What is Unicode even
Unicode is a set of numbers, called codepoints, and each codepoint maps to a
character. For example, codepoint
0x61, usually written as “U+0061”, maps to a
lowercase “a”. Each codepoint is a hexadecimal number, so U+0061 is actually 97
in base 10. The Unicode standard doesn’t say anything about how those codepoints
are encoded on disk. It just says: “Hey, U+0061 is LATIN SMALL LETTER A, so when
you see some bits and interpret them as U+0061, make sure they come out looking
like ‘a’, OK?”
Each codepoint is composed of one or more code units. In UTF-81, which is the most popular Unicode encoding, there are 8 bits per code unit. One codepoint will be encoded as more than one UTF-8 code unit if it’s represented by a number that requires more than 8 bits (like U+1F43C “PANDA FACE”, which requires two code units). You may have also heard of ASCII, which was the most widely used encoding scheme before UTF-8.
Unlike UTF-8, which can be infinitely extended by adding more bits, ASCII encodes all of its characters using only 8 bits. This means it can only represent 256 (2^8) characters, and since ASCII was originally designed by English-speaking people, most of those 256 characters were used for Western characters. This lack of support for non-Western languages is one of the reasons that UTF-8 was created. An interesting and intentional property of UTF-8 is that it’s backwards-compatible with ASCII. A string that’s encoded in ASCII can be read by a program that’s assuming UTF-8 and it will work just fine.
🛩 Planes 🛩
Now that we know how Unicode is (usually) encoded, let’s talk about how the standard is structured. For convenience, Unicode is divided into planes, which are continuous groups of 65,536 codepoints. The first plane, Plane 0, is called the Basic Multilingual Plane (or BMP) and runs from U+0000 to U+FFFF. Almost all modern languages are represented in the BMP, but there are 16 total planes. Unicode is big!

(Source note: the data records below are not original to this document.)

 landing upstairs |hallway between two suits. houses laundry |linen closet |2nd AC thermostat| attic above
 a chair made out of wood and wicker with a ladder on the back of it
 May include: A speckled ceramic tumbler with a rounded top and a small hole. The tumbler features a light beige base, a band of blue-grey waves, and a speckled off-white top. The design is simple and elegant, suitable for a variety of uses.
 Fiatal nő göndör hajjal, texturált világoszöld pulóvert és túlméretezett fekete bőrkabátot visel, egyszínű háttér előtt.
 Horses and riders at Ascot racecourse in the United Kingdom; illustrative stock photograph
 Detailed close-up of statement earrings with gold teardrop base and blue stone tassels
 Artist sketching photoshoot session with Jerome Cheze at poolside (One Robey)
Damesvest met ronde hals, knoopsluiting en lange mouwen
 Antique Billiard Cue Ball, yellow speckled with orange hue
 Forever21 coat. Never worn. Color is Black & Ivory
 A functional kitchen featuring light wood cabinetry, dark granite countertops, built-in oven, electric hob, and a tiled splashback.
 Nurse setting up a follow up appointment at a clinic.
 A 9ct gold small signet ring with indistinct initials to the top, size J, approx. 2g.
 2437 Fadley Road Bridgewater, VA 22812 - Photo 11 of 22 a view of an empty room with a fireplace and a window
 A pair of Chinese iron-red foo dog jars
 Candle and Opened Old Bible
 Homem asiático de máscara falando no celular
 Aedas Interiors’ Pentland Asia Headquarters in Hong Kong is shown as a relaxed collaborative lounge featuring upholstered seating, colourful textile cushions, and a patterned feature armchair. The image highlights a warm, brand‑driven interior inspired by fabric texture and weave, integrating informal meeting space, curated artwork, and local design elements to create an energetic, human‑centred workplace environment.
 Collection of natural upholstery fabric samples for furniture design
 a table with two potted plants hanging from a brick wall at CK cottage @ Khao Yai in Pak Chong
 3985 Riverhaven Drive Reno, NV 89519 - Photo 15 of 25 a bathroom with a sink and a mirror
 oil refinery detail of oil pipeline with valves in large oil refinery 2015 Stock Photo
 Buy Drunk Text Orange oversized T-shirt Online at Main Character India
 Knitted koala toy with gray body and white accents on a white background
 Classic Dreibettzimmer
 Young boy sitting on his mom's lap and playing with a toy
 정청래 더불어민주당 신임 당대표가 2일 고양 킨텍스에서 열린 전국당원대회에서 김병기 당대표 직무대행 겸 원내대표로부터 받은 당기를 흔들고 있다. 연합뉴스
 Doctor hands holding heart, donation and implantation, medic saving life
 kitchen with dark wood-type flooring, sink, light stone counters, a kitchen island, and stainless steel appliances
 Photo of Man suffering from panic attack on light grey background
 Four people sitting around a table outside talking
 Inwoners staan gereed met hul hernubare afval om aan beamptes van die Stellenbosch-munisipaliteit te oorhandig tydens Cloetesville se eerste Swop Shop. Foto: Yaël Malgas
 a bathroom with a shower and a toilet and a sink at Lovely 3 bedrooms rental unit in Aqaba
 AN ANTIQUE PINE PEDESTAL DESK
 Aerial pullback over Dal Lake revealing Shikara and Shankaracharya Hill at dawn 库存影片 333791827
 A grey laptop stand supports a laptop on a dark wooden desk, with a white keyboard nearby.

Now, some emoji are in the BMP, but when emoji got popular, a lot more emoji were added to Unicode. In fact, they added so many emoji that they ran out of space for them in the BMP. So newer emoji are in Plane 1, the Supplementary Multilingual Plane. It’d be nice if all of the emoji were in the same plane, but to be fair, the Unicode committee didn’t know that emoji would become a Thing. When they added a heart symbol in 1993, they had no idea that they also needed to save space for 📲 (“Mobile Phone With Rightwards Arrow at Left”).
Bringing it back 💫
So why couldn’t I set my username to “💖🎉”? It turns out that Twitter strips out all characters that aren’t in the Basic Multilingual Plane. That means ❤ (U+2764) is allowed in usernames, but new emoji like 💖 (U+1F496) aren’t, because they’re in the Supplementary Multilingual Plane.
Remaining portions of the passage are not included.